UN HOMBRE CONTRA QUIEN NADA PUDO EL SOBORNO
La época de la restauración del trono de Inglaterra, después de la República de Oliverio Cromwell, fue de dura prueba para los que habían apoyado al Protector. No pocos hombres de los más valientes y sabios, vieron declinar su fortuna; entre ellos, Milton, el gran poeta que tanto había trabajado por Cromwell, fue encarcelado, y otros muchos tratados duramente por los realistas.
Con todo, hubo un amigo leal del Protector que gozó de gran influencia en el nuevo gobierno. Era éste Andrés Marvell, célebre poeta satírico, antiguo miembro del Parlamento, por Hull, distrito que lo reeligió en las primeras elecciones efectuadas en tiempo del nuevo monarca, Carlos II. Marvell hablaba poco y, a pesar de ello, su influencia era extraordinaria. Levantóse para defender a Milton y lo hizo con tal energía, que ganó para su causa numerosos amigos.

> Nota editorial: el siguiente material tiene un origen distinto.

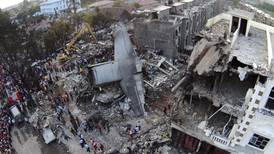 Al menos 141 muertos al estrellarse avión militar en Indonesia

Pero mucho mayor todavía fue el efecto que produjo Andrés Marvell con su pluma, por medio de sus sátiras que ridiculizan amargamente las palabras, acciones o escritos de una persona. Así, por ejemplo, indignado el poeta de que Carlos II sacase constantemente dinero del Parlamento y lo derrochase, escribió un fingido discurso del rey sobre el estado de la Hacienda. En los últimos años de su vida, sus sátiras fueron de una acritud extraordinaria. Acometió a los cortesanos, atacó sin compasión al gran ministro Clarendon y, por último, satirizó a Samuel Parker, el intolerable ministro de Oxford.
Ahora bien, en vista de tal obstinación, así el rey como sus ministros creyeron necesario reducir al silencio a tan eminente y agudo escritor. A este propósito se refiere la siguiente anécdota.
El divertido monarca Carlos II, se complacía frecuentemente en encontrarse y conversar con Marvell, cuyas agudezas y donaires le agradaban sobremanera. Una mañana, S. M. dio al ministro de Hacienda, Danby, el encargo de que fuese a buscar al poeta, el cual, muy escaso de bienes materiales, no tenía apenas otro salario que el que recibía de la ciudad de Hull, como representante suyo en el Parlamento. Súpolo el astuto monarca y, al encargar a su ministro que fuese en busca de Marvell, añadió que emplease cuantos medios creyera oportunos para atraer a su partido al célebre y agudo satírico.
Danby tuvo alguna dificultad en dar con la casa de Marvell; mas al fin, habiéndola encontrado, entró en ella sin previo aviso.
-¿A qué debo el honor de esta visita? -preguntó Marvell, levantando los ojos del escrito que tenía, encima de la mesa.
-He venido de parte de S. M., que desea saber en qué puede servir a usted -contestó el ministro.
-S. M. no puede servirme en nada -repuso Marvell.
-Pero es que S. M. desea que acepte usted el puesto de honor que merece en su corte.
Andrés Marvell rechazó inmediatamente el honor, mejor dicho, el deshonor, como él lo suponía, diciendo;
-No me es posible aceptar lo que se me propone, porque o habría de ser ingrato al rey votando contra él, o desleal a mi país al hacerme partícipe de las disposiciones del gobierno. El único favor que pido a S. M. es el de que me conceptúe entre sus súbditos, como el más exacto en el cumplimiento del deber; y que se persuada de que sirvo mejor a S. M. rehusando el honor que me brinda, que aceptándolo.
Lord Danby trató de persuadirlo, pero en vano; Marvell continuó firme en su decisión.
Como último recurso, el ministro sacó un paquete en el que se contenían 1.000 libras esterlinas, y poniéndolo en la mesa, dijo:
-El rey me ordena que entregue a usted mil libras, en espera de que se dignará aceptarlas hasta que haya pensado algún otro favor que pueda pedir a S. M.
Andrés Marvell se echó a reír.
-Supongo que el señor ministro no tiene intención de burlarse de mí con semejantes ofertas. Para nada necesito el dinero del rey. Como ve usted, tengo casa en qué vivir, y en cuanto a mi alimento, ahí está mi ama que podrá informarle.
Y, volviéndose a ella, continuó el escritor:
-Sírvase decir a este caballero qué comí ayer.
-Espalda de carnero.
-Y hoy, ¿qué comeré?
-Las sobras hechas picadillo.
-Y mañana, mi querido lord Danby, comeré la espaldilla asada -añadió jovialmente Andrés Marvell.
El ministro, atónito ante la grave sencillez del famoso escritor, lió confuso el paquete del oro y se encaminó al rey a darle cuenta de su encargo.